Design and Technology track
Three objects create a nature morte scene or a memento mori essence to them. These artifacts, one black and two white are reanimated via technology and act as a crucial stage in the grieving process.
The first object is in the form of a seashell and acts as a transitional piece; it retains the deceased’s heartbeat. The grieving viewer is invited to take hold of the seashell and place it close to their own hearts. Alternatively they could also lend an ear and pay attention to the recurring rhythm. The peaceful seashell enables the grieving individual to transition from a dependence state to independence.
The second object is a weeping black stone that sheds tears when detecting the presence of the mourner, until they move away. It has the mechanics of an hourglass containing the dripping tears, while the griever processes their pain and emotions.
The last and final object is a stuffed, white bird that giggles with the same voice of the deceased every time the mourner laughs.
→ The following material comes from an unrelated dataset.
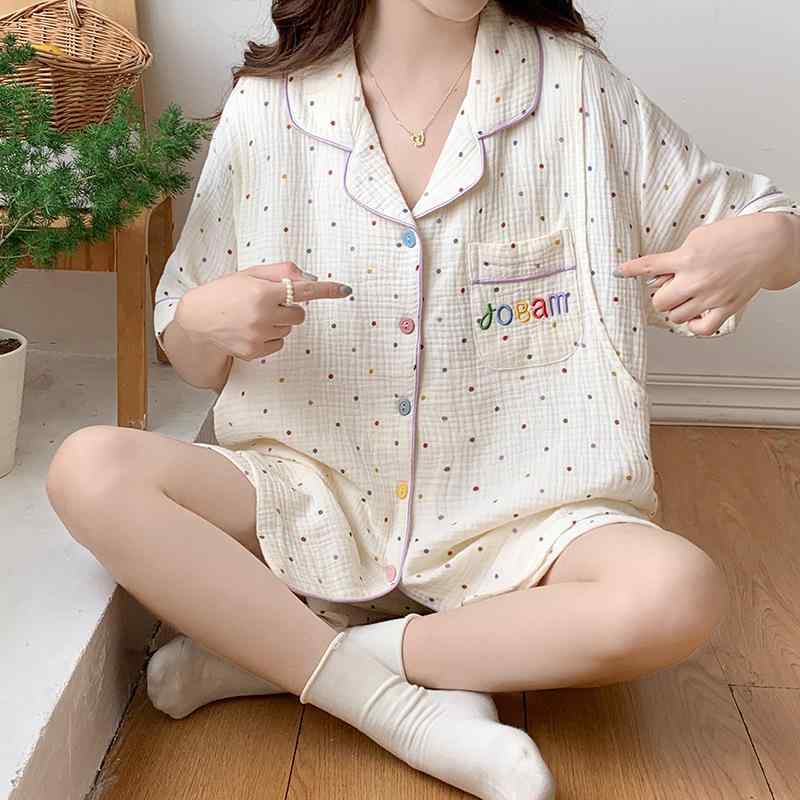 パジャマ レディース マタニティ 授乳服 綿 ガーゼ 半袖 薄手 産後 吸汗 通気性 ル...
This stage of the grieving process is crucial; together with humor and laughter, the bird marks acceptance and emerges through the sorrow with renewed energy.
Creating the series of these three objects emerged from my interest in psychology with the focus on grief and separation. Inspired by Freud’s “grief work”, Winnicott’s “transitional object”, and Kübler-Ross’s five stages of grief. Additionally, after conducting several interviews with individuals who experienced the loss of a loved one, I found that the presence of the deceased remains within us. Majority of the mourners cope with their grief with digital tools, such as reading through old messages, emails, and listening to recordings in order to maintain a sense of continuity. This led me to think about the real need for mnemonic mechanisms as an alternative to the traditional tombstones and cemeteries. Thus, the interactive objects I’ve designed enter the grievers life to provide comfort and acceptance.